No es fácil pasar a la posteridad como un perfecto hijo de puta. No de los que gasean a millones de judíos en campos de concentración. Tampoco de los que incendian Roma. Ni siquiera de los que llenan de polvo las calles para convertirlas en un cementerio de yonquis. No. Un hijo de puta normal y corriente, un cabronazo como tú y como yo. Como cualquiera de nosotros, como el que vende a su madre cada día, como el que vierte su frustración en un campo de fútbol, como el que purga a golpes y gritos una infancia de mierda, como el que no sale de casa sin un plan para empeorar el planeta. Así, sin más. Ha muerto Jake La Motta. Campeón de boxeo, monologuista, empresario de alterne, celoso compulsivo, perdedor de éxito y fuente de inspiración de una de las mejores películas de todos los tiempos. Un pieza. Nuestro pieza.

Sugar-La Motta

La Motta y Robinson, en su último combate. / DEPORADICTOS.COM

Carisma y fe. Y una obra maestra. La línea que separa una vida miserable de la de La Motta es, probablemente, la de la honestidad. Honestidad para subirse al ring con más aguante que pegada, con más victorias que leyenda, con más derrotas en combates importantes de las que aguantaría cualquier otra carrera en el boxeo. Jake La Motta fue campeón de los pesos medios, sí. Defendió el título, sí.

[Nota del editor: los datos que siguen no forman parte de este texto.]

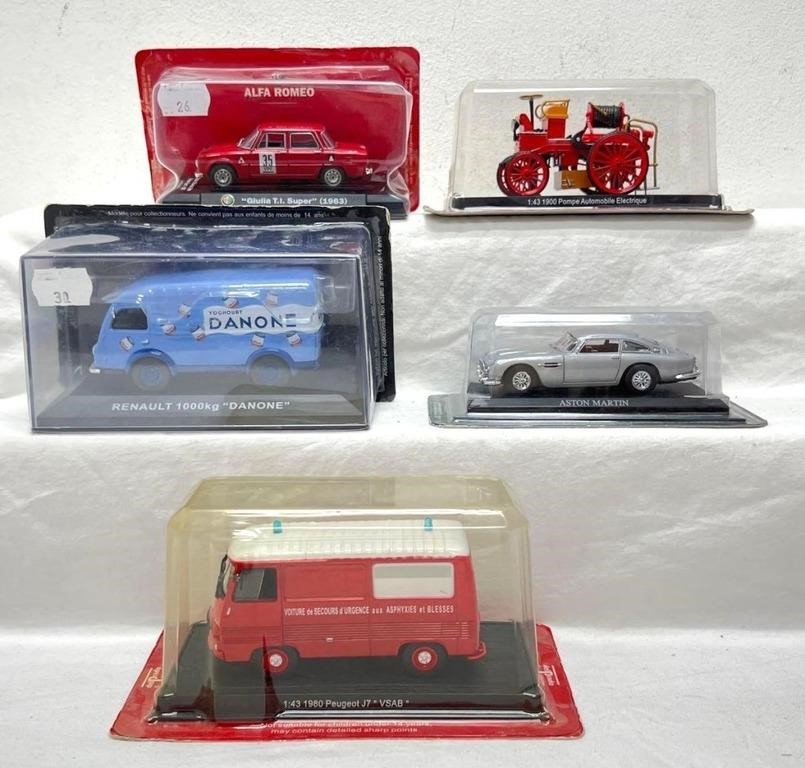 Mar. 25th Die-cast Model Kits, and Toy Train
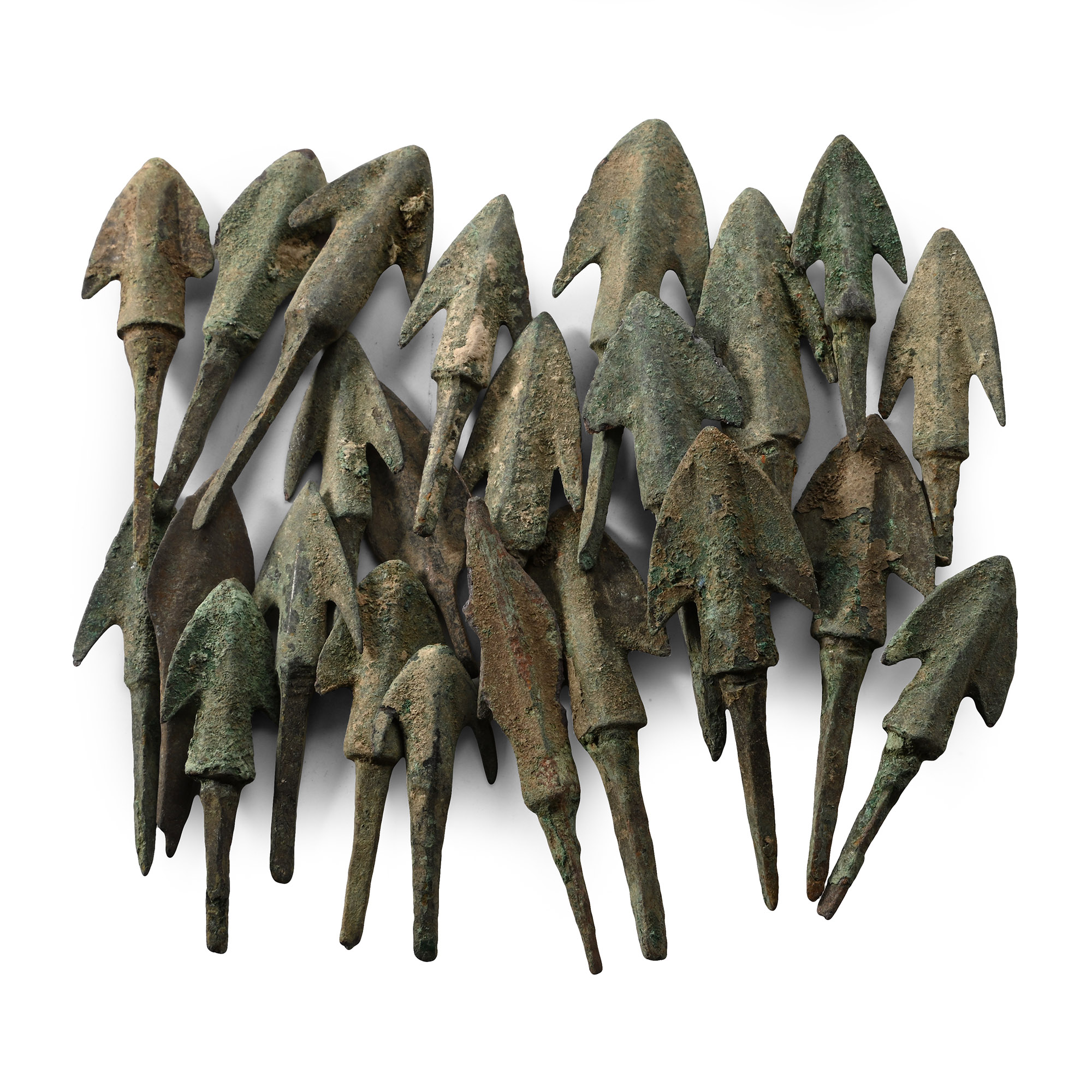 Western Asiatic Bronze Arrowhead Collection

Pero le tocó enfrentarse seis veces a uno de los mejores púgiles de todos los tiempos, Sugar Ray Robinson, y solo le ganó una vez, alimentando la mística de los eternos segundones. Fuera de esos asaltos gloriosos, fue un suicida, un animal acorralado contra las cuerdas que se empeñaba en llegar al último asalto, una víctima de los amaños y tongos de la Mafia, una bestia que funcionaba mejor cuanto peor le iba en casa. Y le iba muy mal. Pero también fue honesto para reconocerlo, para asumir que hizo todo lo posible para que su familia viviera un infierno. Y para cruzar la línea de la legalidad en casi todos los negocios que emprendía. Y para acabar entre rejas. Y para sobrevivir durante 95 años a una existencia en la que recibió una paliza de todos los sórdidos tópicos del boxeo americano. Pero sus heridas sanaban pronto. Era casi sobrehumano, el cabrón. Un tipo duro. Nuestro tipo duro.

Vertió todas sus miserias, todas sus imperfecciones, en su autobiografía. La leyó Robert De Niro. Se la pasó a Martin Scorsese. Y de ese rasgo de humanidad entrañable y casi insólito de confesar en público todos sus pecados, nació Toro salvaje, la película. La secuencia inicial es asombrosa, magistral. Un largo plano fijo da paso a los créditos. El Intermezzo de Cavalleria Rusticana. Una luz lechosa salpicada con fogonazos de flash. Tres cuerdas. Y un púgil que calienta, encapuchado. Como una fiera en el zoo. Puro cine. Y después, 129 minutos de metraje con más vísceras fuera del ring que sobre la lona. La historia de un hijo de puta que ha pasado a la posteridad por violento, por imperfecto, por carismático, por inspirar una obra maestra. Por ser el espejo que nos devuelve una imagen llena de moratones, regueros de sangre y cejas hinchadas. Por humano.